To wit, Rogue’s dogs have worked all over the world helping conservation groups bolster their cases with hard data collected in the field. The majority of the Rogue’s work so far has been in the American West, but teams are scattered as far afield as Brazil, Europe, Africa, Southeast Asia and the Middle East in search of everything from sea turtles to grasshoppers to pygmy rabbits, big cats, red foxes and bumblebees.
What makes for a perfect conservation dog? The best detection dogs wouldn’t necessarily make a great pet, as they tend to be obsessed with reward accumulation. “Our dogs are typically considered unadoptable due to their high energy and obsessive desire to play fetch,” says Rogue’s Jennifer Hartman. “This obsessive energy is quite perfect for us because we pair this with detecting an odor and reward our dogs with their ball for locating the odor.” Rogue’s dogs can cover up to 15 miles a day in survey work, and still have energy left over for more playtime after the search.
And it doesn’t take a specific breed or size dog—it’s all about the dog’s so-called ‘high ball drive’. “We have quite a few Labrador mixes as well as heeler mixes because these seem to be high drive dogs that end up in shelters, but we also have a chihuahua mix and what might be a papillon mix in our program,” reports Hartman. “We love all dogs though, and don’t discriminate as long as they like to play fetch!”
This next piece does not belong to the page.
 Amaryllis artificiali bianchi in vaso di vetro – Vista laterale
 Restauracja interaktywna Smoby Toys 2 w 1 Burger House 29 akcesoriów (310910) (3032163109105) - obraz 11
Currently Rogue runs 19 dogs out of its Washington State headquarters. The organization, founded in 2019 by a group of conservation-oriented dog handlers who had been doing this sort of work on their own for more than a decade, also runs programs to train others’ dogs (and their owners) in these canine “detection” practices. Through its training work, Rogue hopes to develop the next generation of bounders to carry on the innovative work of the conservation dogs in helping other species hang on in this warming-compromised world.